The words came from the fellow behind me in a grocery checkout line after I asked for paper rather than plastic bags.
Without fail, I ask store clerks for paper sacks.
I just prefer them.
My choice has little to do with the environment and everything to do with personal preference.
Here is what I like about paper bags:
• They ride in the back of my truck without spilling groceries everywhere.
• My three daughters enjoy coloring on the sacks when I get home, which saves me money on buying drawing paper.
• Paper sacks are even better than newspapers for lining a puppy’s cage.
Despite my strong preference for paper, I couldn’t imagine imposing my choice on others.
After all, my wife finds plastic bags to be the ideal receptacles for soiled diapers, wet swimsuits or many of the other messes our children create. So, she never asks for paper – it’s always plastic for her.
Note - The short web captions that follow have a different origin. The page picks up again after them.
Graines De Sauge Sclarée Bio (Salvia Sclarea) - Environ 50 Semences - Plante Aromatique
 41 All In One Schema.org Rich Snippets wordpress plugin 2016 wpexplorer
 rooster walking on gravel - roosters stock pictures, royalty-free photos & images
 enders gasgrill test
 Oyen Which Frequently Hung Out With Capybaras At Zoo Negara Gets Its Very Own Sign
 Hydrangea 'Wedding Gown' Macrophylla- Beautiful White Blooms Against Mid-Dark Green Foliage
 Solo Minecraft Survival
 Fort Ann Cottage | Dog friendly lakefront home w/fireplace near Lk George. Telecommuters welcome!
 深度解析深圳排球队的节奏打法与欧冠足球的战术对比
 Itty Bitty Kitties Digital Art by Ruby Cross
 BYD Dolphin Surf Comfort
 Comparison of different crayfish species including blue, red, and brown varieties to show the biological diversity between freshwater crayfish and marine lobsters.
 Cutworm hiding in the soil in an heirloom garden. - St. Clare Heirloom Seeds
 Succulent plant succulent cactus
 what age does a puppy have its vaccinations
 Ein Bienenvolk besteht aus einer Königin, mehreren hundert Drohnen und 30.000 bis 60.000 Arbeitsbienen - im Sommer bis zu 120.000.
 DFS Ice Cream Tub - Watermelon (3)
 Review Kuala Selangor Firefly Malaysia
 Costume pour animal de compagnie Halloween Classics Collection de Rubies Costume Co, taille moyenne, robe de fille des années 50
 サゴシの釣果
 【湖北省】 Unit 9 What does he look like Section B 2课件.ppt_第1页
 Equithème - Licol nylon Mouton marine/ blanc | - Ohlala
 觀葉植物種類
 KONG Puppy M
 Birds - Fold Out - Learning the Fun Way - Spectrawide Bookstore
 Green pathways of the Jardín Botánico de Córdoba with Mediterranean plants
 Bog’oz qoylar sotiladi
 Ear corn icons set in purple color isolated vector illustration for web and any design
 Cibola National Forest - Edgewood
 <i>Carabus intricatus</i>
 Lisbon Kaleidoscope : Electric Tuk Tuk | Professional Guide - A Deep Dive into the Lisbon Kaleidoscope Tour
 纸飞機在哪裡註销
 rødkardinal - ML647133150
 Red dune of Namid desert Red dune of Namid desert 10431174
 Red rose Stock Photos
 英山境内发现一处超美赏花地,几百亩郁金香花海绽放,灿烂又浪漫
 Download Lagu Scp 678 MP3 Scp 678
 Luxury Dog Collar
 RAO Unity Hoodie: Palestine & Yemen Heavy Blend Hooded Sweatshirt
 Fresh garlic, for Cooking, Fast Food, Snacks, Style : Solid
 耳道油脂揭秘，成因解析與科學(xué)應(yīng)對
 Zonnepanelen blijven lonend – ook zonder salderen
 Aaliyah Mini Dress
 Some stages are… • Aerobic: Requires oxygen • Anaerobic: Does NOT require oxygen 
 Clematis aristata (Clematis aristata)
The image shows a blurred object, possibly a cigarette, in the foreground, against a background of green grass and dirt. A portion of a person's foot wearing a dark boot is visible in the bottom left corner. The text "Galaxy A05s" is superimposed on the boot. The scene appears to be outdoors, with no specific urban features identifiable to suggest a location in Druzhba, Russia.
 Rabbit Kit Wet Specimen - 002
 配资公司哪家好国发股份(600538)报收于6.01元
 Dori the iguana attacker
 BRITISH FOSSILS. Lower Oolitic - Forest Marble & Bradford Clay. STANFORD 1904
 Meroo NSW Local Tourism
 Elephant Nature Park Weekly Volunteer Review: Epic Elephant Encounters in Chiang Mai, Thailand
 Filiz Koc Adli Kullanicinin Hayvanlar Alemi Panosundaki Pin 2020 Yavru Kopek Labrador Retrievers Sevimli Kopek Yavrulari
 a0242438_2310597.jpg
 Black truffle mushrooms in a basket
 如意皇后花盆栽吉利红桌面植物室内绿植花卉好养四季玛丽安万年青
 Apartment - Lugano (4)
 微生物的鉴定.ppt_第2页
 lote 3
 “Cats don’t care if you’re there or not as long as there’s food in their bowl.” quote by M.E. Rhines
That’s one of the nice things about a free-market system — merchants are able to be responsive to the desires of consumers.
Unfortunately, there are folks in Springfield and city halls across the state who think they know what’s best for consumers.
When it comes to plastic bags, most state lawmakers want to over regulate.
In fact, the legislature passed a bill that would have regulated plastic bags to the point that only a few companies would have continued to manufacture them for use within the state.
It also imposed a host of regulations detrimental to the consumer.
About the only the only thing positive about the bill is that it would have prevented cities from regulating plastic bags on their own.
Recently, Gov. Pat Quinn vetoed the bill – for all of the wrong reasons.
He thinks local governments ought to be able to ban plastic bags if they want to.
Unless the legislature overrides the veto, “Government-knows-best” communities such as Evanston and Oak Park will be free to regulate plastic bags. And it’s not just the Chicago suburbs. Folks in downstate Champaign are considering imposing a fee whenever a clerk puts merchandise into a plastic bag.
While it’s a good thing the state plastic bag bill ended up in the gubernatorial trash bin, one ought to keep an eye on what is happening on a municipal level.
Sometimes its hard to tell whether city councils are motivated by the altruistic desire to help the environment or the avarice of seeing a new revenue stream to milk.
Cities such as Washington, D.C., already have such a tax.
Other places such as Seattle and Los Angeles have banned plastic bags.
Opponents of plastic bags say wildlife is harmed when animals ingest or become tangled in the bags.
But shouldn’t those concerned about wildlife focus on changing minds rather than laws?
After all, consumers are the most powerful force in our economy.
Informed citizens can make change without a single law being passed.
It’s as simple as how people answer the question: Do you want paper or plastic?